MarketPulseAI is an open-source, near real-time stock market analysis system that combines two powerful perspectives:
- Stock Market Prediction using price data and deep learning algorithms
- Market Sentiment Analysis from social media and financial news
Think of it as having two eyes on the market: one watching actual prices and trading patterns, and another watching what people are saying about stocks on social media and in the news. The system then integrates these signals to provide a holistic view of potential market movements.

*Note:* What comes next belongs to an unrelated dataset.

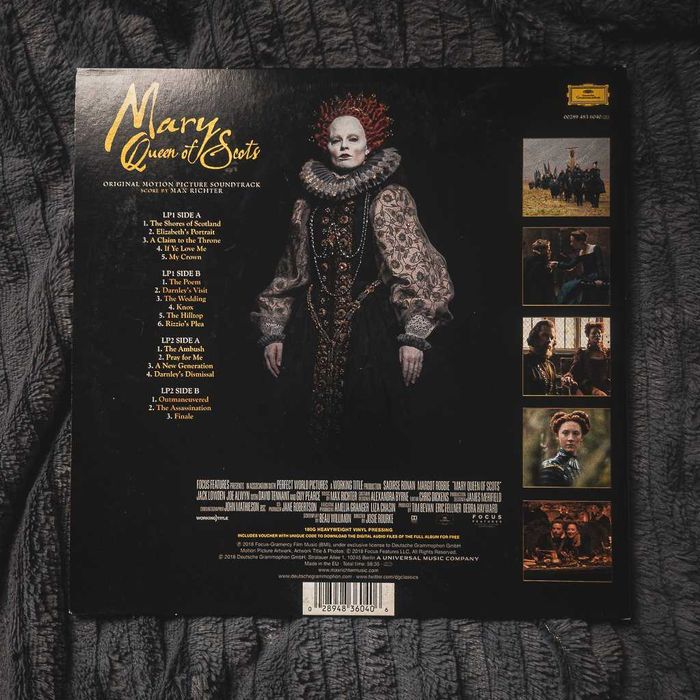 Max Richter – Mary Queen of Scots (2×LP 180 g, Deutsche Grammophon]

- Microservices Architecture: Modular design with loosely coupled services
- Near Real-Time Processing: Data flows through the system with minimal latency
- Dual Analysis Approach: Combines price prediction with sentiment analysis
- Comprehensive Data Validation: Ensures high-quality data reaches prediction models
- Interactive Dashboards: Real-time visualization of market data and sentiment
- Robust Monitoring: Complete observability of system health and prediction accuracy
MarketPulseAI follows a modern data engineering pattern with clear separation of concerns:
-
Market Data Pipeline
- Connects to stock market feeds via Kafka Connect
- Collects real-time price data, volumes, and market indicators
- Validates and routes data to appropriate Kafka topics
-
Sentiment Analysis Pipeline
- Monitors Twitter, Reddit, and financial news via APIs
- Collects and filters relevant posts and articles
- Validates content before processing
-
Market Data Analysis
- Spark Streaming jobs process real-time market data
- Feature engineering extracts technical indicators
- Deep learning models predict short-term price movements
-
Sentiment Analysis
- Text preprocessing and cleaning
- NLP or Transformer models determine sentiment polarity and intensity
- Aggregation of sentiment across different sources
-
Online Features (Redis)
- Low-latency access to real-time features
- Optimized caching with custom serialization
- Configurable TTL for data freshness
-
Historical Features (Cassandra)
- Distributed storage for training data
- Time-series optimized schema
- Efficient querying for model training
- Combines predictions from market and sentiment models
- Weighted ensemble approach for final predictions
- Continuous evaluation and re-weighting based on performance
- FastAPI service with WebSocket support
- Streamlit dashboards for interactive visualization
- Real-time updates of predictions and sentiment scores
- Prometheus metrics collection
- Grafana dashboards for system visualization
- InfluxDB for time-series performance metrics
- Alerting system for anomaly detection
| Component | Technologies |
|---|---|
| Data Ingestion | Apache Kafka, Kafka Connect |
| Processing | Apache Spark Streaming |
| Storage | Redis, Apache Cassandra |
| ML & Analytics | PyTorch, TensorFlow, spaCy, NLTK |
| API & Serving | FastAPI, WebSockets |
| Visualization | Streamlit, Plotly |
| Deployment | Docker, Kubernetes |
| Monitoring | Prometheus, Grafana, InfluxDB |
I wanted to challenge myself with an ambitious, end-to-end application that would push my limits across multiple domains. Here's my thinking behind the approach:
• Comprehensive Learning: Building everything from data ingestion to visualization gave me a holistic view of the entire ML pipeline in production
• Technical Depth: I dove deep into configuring each technology - tuning Kafka partitioning for optimal throughput, optimizing Spark executor memory allocation, and implementing custom serialization for Redis caching
• New Territories: This project pushed me to explore technologies I rarely use, particularly in platform monitoring and observability (Prometheus metric collection, Grafana dashboard configuration, and alert management)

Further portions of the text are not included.